> Work instructions: Leave out the pictures and restate the rest of the data exactly.

> Information supplied:

_ _ _ _ _ _ _

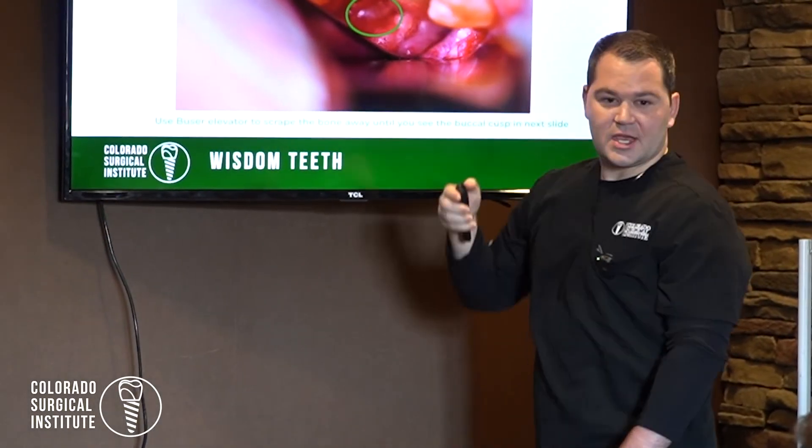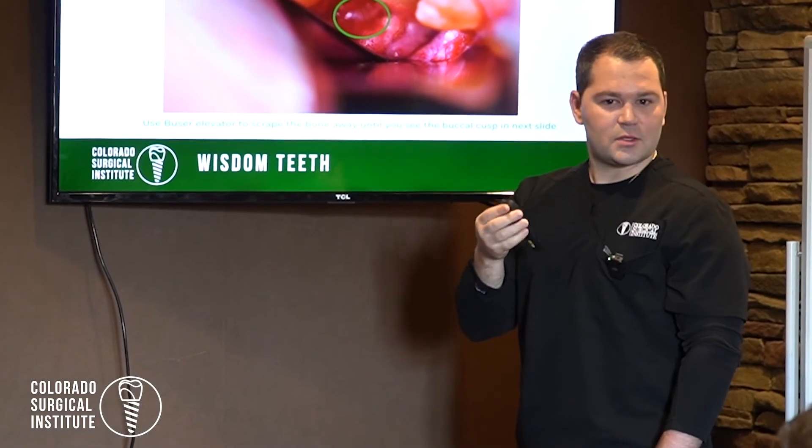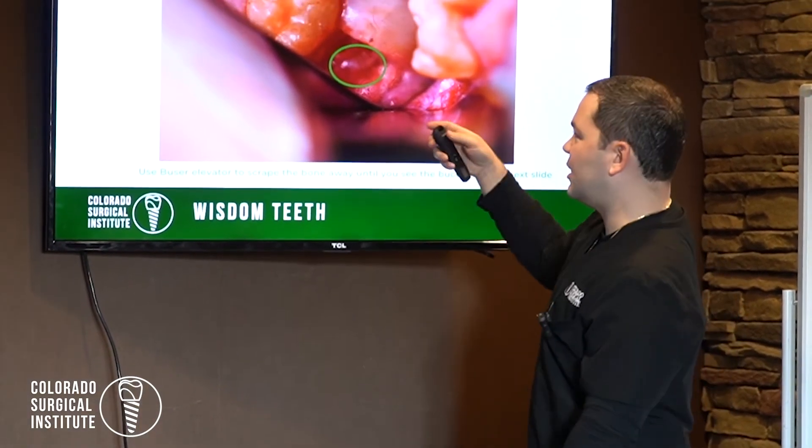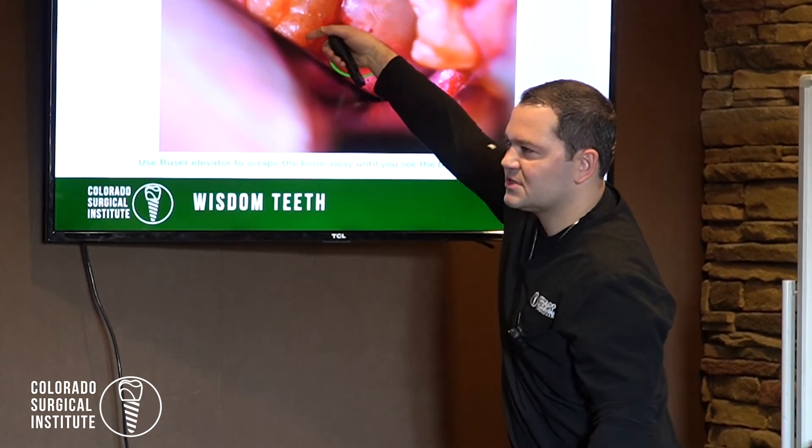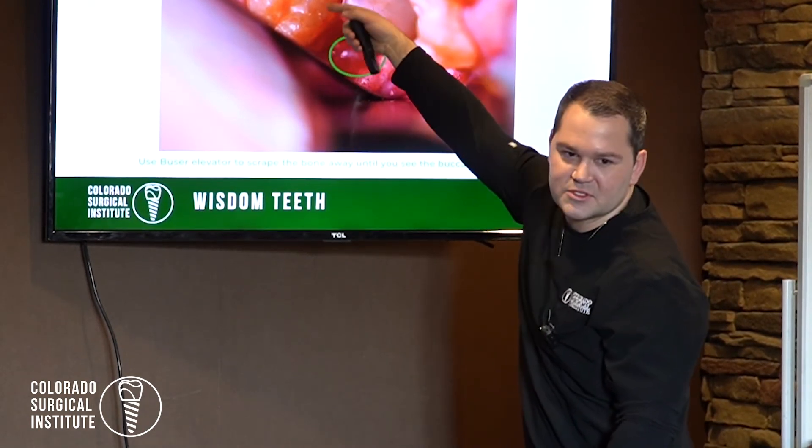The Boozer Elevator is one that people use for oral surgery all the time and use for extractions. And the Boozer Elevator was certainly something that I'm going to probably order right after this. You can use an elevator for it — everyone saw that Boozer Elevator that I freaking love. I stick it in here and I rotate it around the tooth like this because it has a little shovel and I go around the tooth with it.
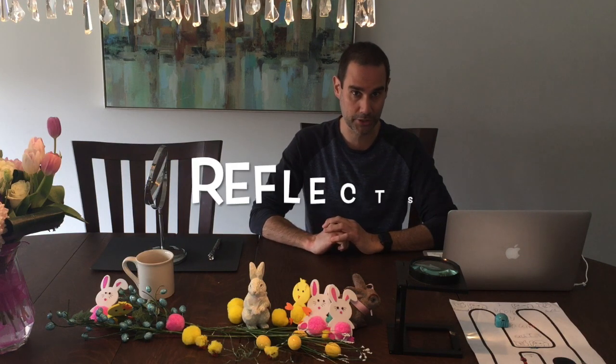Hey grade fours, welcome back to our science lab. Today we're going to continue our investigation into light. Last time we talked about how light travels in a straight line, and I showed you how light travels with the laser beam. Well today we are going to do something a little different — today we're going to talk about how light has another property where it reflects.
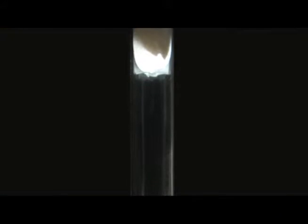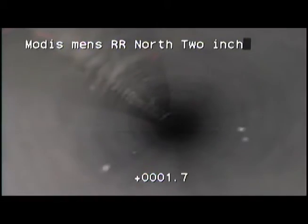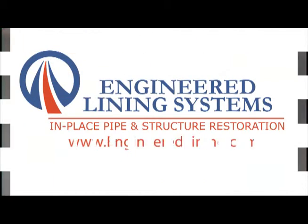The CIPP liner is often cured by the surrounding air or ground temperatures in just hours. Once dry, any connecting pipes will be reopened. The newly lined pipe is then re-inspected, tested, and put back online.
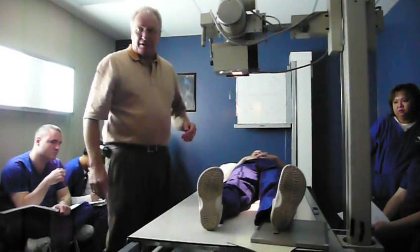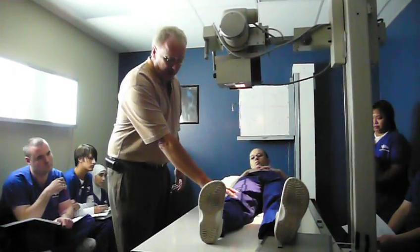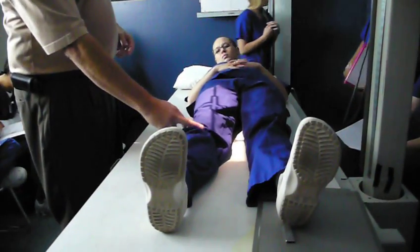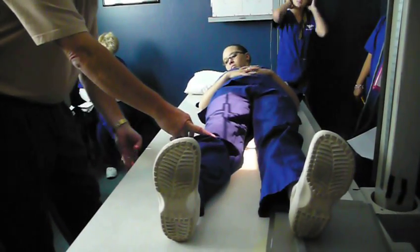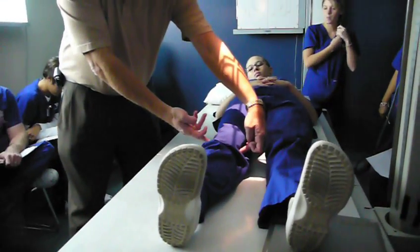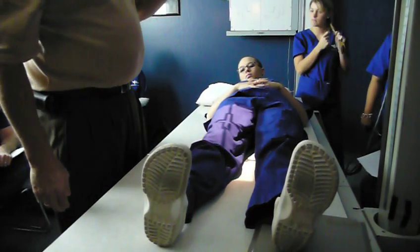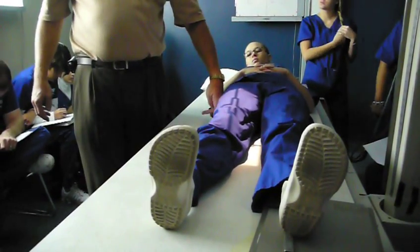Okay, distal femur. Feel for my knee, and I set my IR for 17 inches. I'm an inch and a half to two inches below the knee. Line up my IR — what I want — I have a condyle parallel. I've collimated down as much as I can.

_ _ _ _ _ _ _

> Answer below:
The Boozer Elevator is one that people use for oral surgery all the time and use for extractions. And the Boozer Elevator was certainly something that I'm going to probably order right after this. You can use an elevator for it — everyone saw that Boozer Elevator that I freaking love. I stick it in here and I rotate it around the tooth like this because it has a little shovel and I go around the tooth with it.
Hey grade fours, welcome back to our science lab. Today we're going to continue our investigation into light. Last time we talked about how light travels in a straight line, and I showed you how light travels with the laser beam. Well today we are going to do something a little different — today we're going to talk about how light has another property where it reflects.
The CIPP liner is often cured by the surrounding air or ground temperatures in just hours. Once dry, any connecting pipes will be reopened. The newly lined pipe is then re-inspected, tested, and put back online.
Okay, distal femur. Feel for my knee, and I set my IR for 17 inches. I'm an inch and a half to two inches below the knee. Line up my IR — what I want — I have a condyle parallel. I've collimated down as much as I can.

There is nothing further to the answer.